Thursday, March 24th, 2011

According to The Street article “Putnam CEO Wants Annuity Oversight Agency” by Joe Mont, Putnam Investments’ CEO would like an agency similar to the FDIC in charge of lifetime income products like annuities.  Not only would he like the agency to oversee these investments, he would also like it to insure the products like the FDIC insures the money in banks.  CEO Robert Reynolds even named the fictitious agency the Lifetime Income Security Agency and he is calling on Congress to adopt his idea.  The agency would have the power to approve or deny all lifetime income products sold in the U.S.

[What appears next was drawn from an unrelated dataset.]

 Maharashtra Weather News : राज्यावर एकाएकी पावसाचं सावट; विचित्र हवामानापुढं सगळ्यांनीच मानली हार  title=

It’s not that far-fetched of an idea, especially since the federal government, under President Obama’s lead, has been pushing Americans to secure their retirement with lifetime income products like the 401k annuity.  As we live longer, many retirees are facing three or more decades of retirement in which they need income to sustain their lifestyles.  He points out that overall sales of annuities have been relatively flat, partially because investors are wary to put so much money in one company whose guarantee lasts only as long as they are in business.  While choosing a top company takes a lot of that risk away, Reynolds argues that government insurance would help bring many more investors to the lifetime income of products like annuities.

Unfortunately some investors are turned off from these excellent investments because of stories they have heard about a few bad companies selling products that were too good to be true and not following through on their promises.  With a government agency overseeing those in the lifetime income business, only legitimate companies and good products would be approved.  This could greatly increase the consumer trust level for products like annuities, draw-down funds, and guaranteed pay-out plans.  Products like these, especially when they have death benefits, can carry Americans through a long lifetime without the worry of how they will pay their expenses in retirement.